Même mort le baron parvenait à l’ennuyer, comment faisait-il pour ne jamais oublier les rennes de son cheval dans sa poche avant de combattre ? Pourquoi fallait-il toujours qu’il aille les ranger la lumière seule sait où ? C’est en grognant que la prêtresse sortit la pierre blanche marquée d’un glyphe bleu qu’elle gardait toujours sur elle. Elle passa son doigt sur le glyphe et commença l’incantation de retour à son auberge de rattachement.

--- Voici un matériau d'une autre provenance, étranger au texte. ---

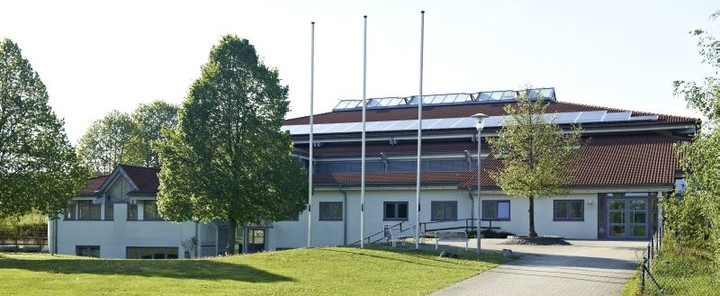 Mehrzweckhalle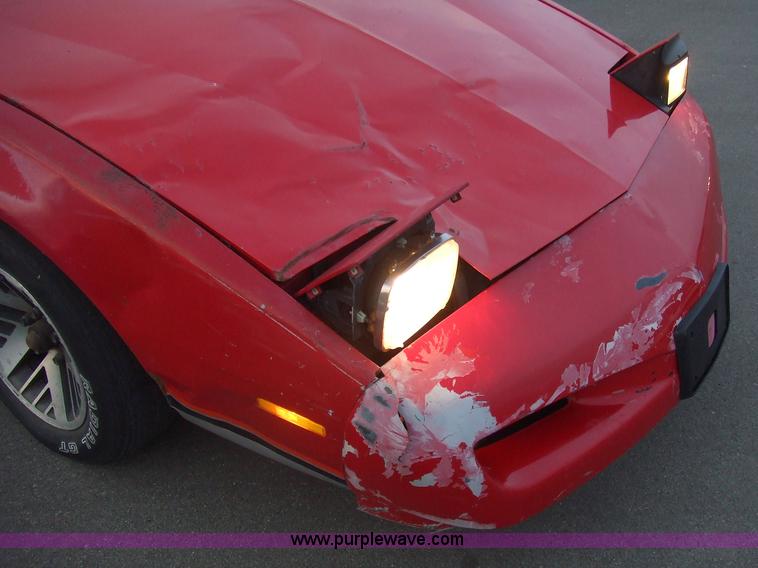 image for item 2356 1992 Pontiac Firebird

Elle s’en fichait de toute façon, l’avantage du Fléau c’est que tant qu’il y a un nécromant vivant ils finissent tous par se relever et elle, elle avait tout son temps. Mais elle savait qu’un jour elle finirait par elle aussi pouvoir se promener dans Dalaran en frimant avec un cheval squelette. Et que ferait-elle une fois qu’elle l’aurait ? Elle essaierait d’avoir les montures de Zul’Gurub pardi.

Cette prêtresse c’est moi, Elwilan, mais je pense aussi à tous ces autres aventuriers qui se sont échinés, s’échinent et s’échineront encore à essayer de faire tomber ce satané canasson. J’ai une pensée particulière pour une certaine naine qui a réussi à l’avoir grâce à un certain joueur devenu invisible.